Group together only those keywords that:
- address the same funnel stage, or
- share a similar expected value per click.
For example, keep “top-of-funnel” informational queries (like “what is network monitoring”) separate from “bottom-of-funnel” commercial ones (like “buy monitoring software”).
This ensures Google’s model optimizes efficiently within each group, rather than mixing audiences with completely different intent and value.
Your domain knowledge is the edge here — Google doesn’t know which terms are worth more; you do.

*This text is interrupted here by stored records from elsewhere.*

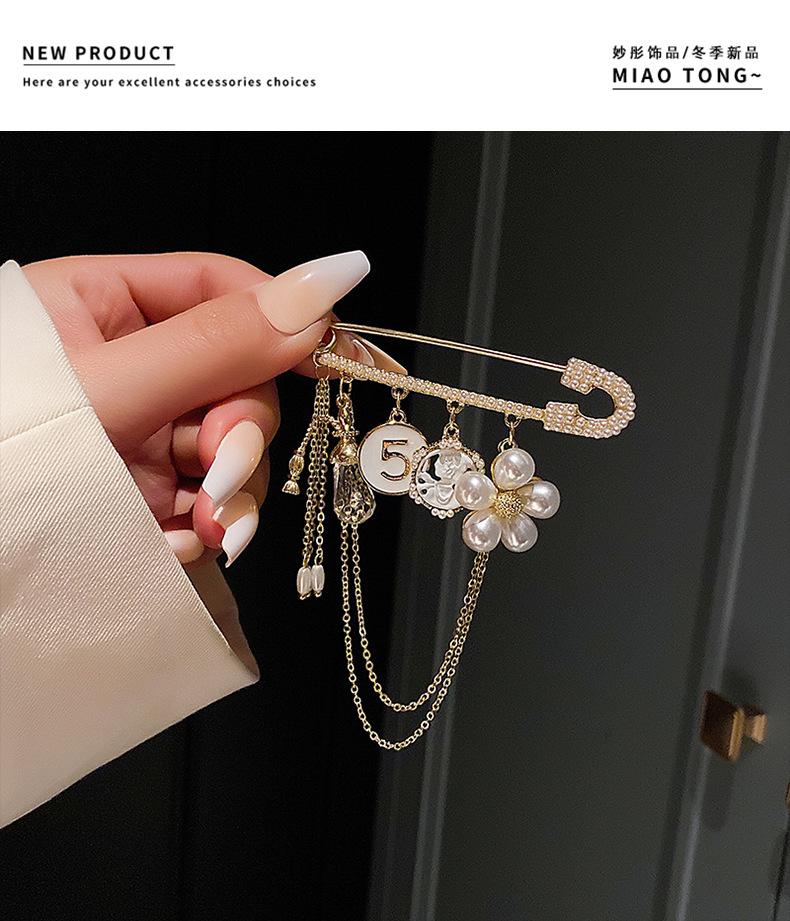 Брошь с жемчугом Высококлассная Женская Роскошная Булавка Фиксированная Одежда Корсаж Аксессуары Универсальная Атмосферная ins Цветочная Мода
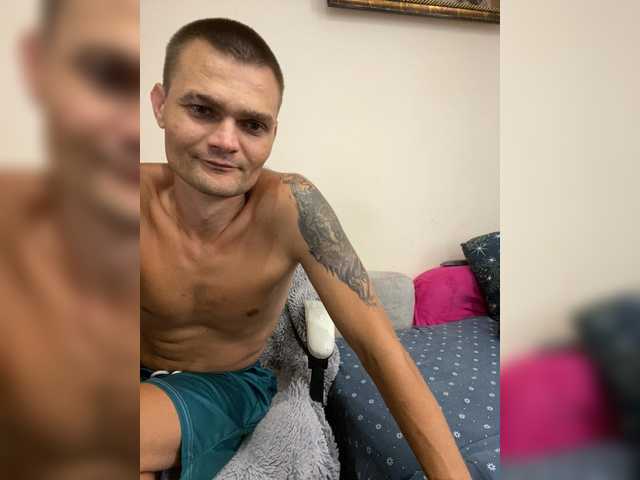 Sweetcock10 live cam on BongaCams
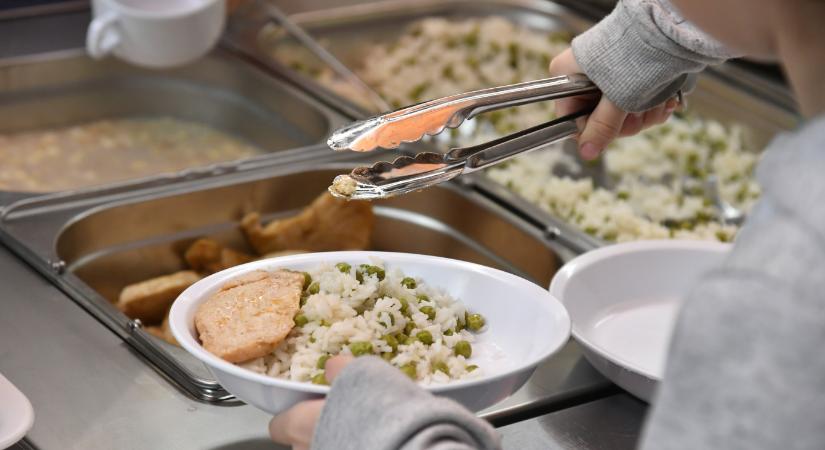 Saját menzakonyhát állított fel az újbudai önkormányzat, miután patthelyzetbe került a kerületi közétkeztetés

It’s not only limited to keywords. Consider all segments you can target within Google Ads (Device, Age, Gender, …) as potential bucket to maximize the split in expected value per click.
Keep It Tight with Exact Match
Finally, to maintain control and consistency in value per click, use Exact Match keywords wherever possible.
This reduces the noise from broad match expansions that may pull in lower-quality or less relevant search terms with very different economics.
In Summary
“Maximize Clicks” can be a smart, data-efficient bidding strategy when:
- You lack strong conversion data,
- You structure your keyword sets thoughtfully, and
- You enforce sensible constraints (budget and max CPC).
By combining your domain expertise with Google’s optimization algorithm, you get a reliable, learning-friendly strategy that ensures every dollar works harder — even before the conversion data starts rolling in.
Change your initial budget and Max Bid constraints based on actual conversions as soon as you have sufficient data to further optimize.